<<<<

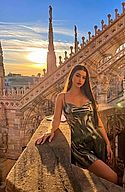 Vittoria - Milano Escorts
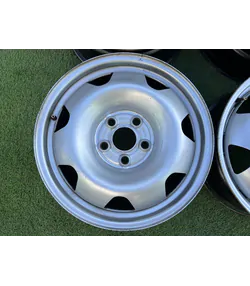 5x120 17" Volkswagen Caravelle gyári lemezfelni 7Jx17h2 ET55 2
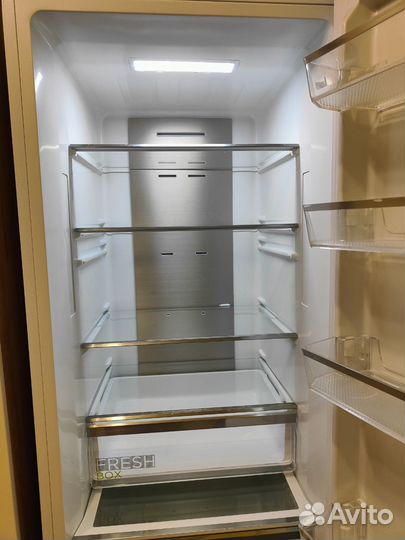 Холодильник Midea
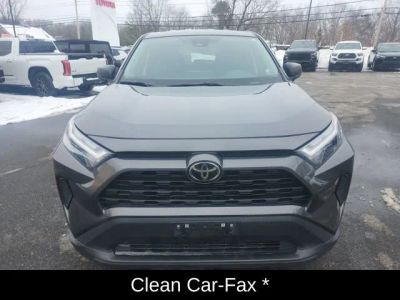 2023 Toyota RAV4 LE - Photo 9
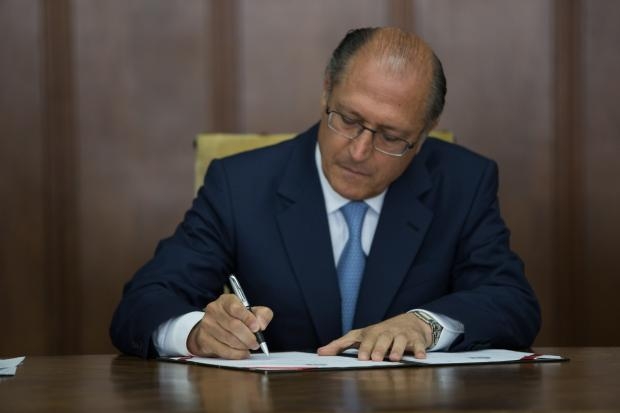 Governador Geraldo Alckmin sanciona nova lei de autoria de Samuel Moreira.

>>>>

◆ Problem to solve: What is needed here is an exact transcription of every record above, with images excluded.

◆ Solution to the exercise:
 Vittoria - Milano Escorts
 5x120 17" Volkswagen Caravelle gyári lemezfelni 7Jx17h2 ET55 2
 Холодильник Midea
 2023 Toyota RAV4 LE - Photo 9
 Governador Geraldo Alckmin sanciona nova lei de autoria de Samuel Moreira.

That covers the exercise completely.